_Task requirements:_ Take from the entries below the stretch from the line with "The Jacksons - Blame It on the Boogie" through the line with "119 Taylor Rd, Quemahoning", and return it exactly, leaving the pictures out.

_Given data:_
**********
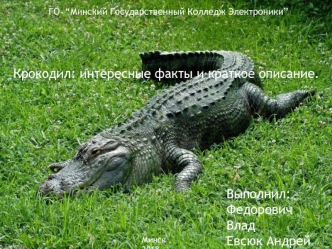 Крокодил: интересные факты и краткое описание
**********
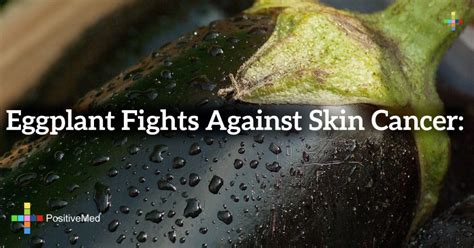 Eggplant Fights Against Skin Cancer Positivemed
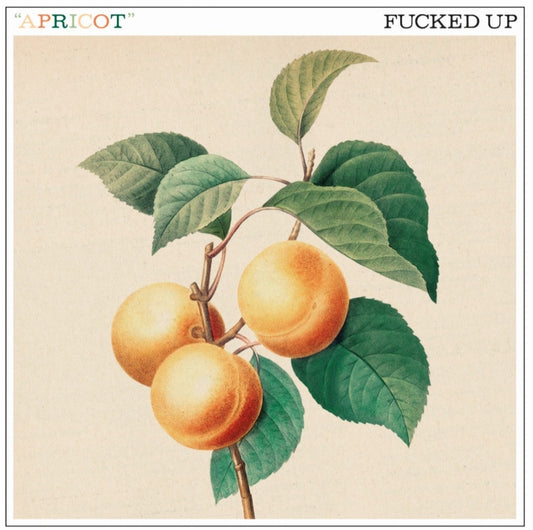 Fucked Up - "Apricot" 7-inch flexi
**********
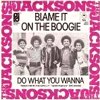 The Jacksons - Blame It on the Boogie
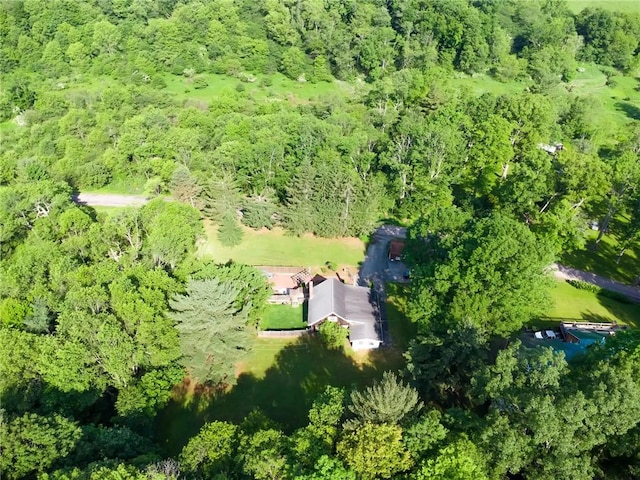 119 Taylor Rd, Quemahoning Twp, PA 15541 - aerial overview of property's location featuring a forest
**********
_Task solution:_
 The Jacksons - Blame It on the Boogie
 119 Taylor Rd, Quemahoning Twp, PA 15541 - aerial overview of property's location featuring a forest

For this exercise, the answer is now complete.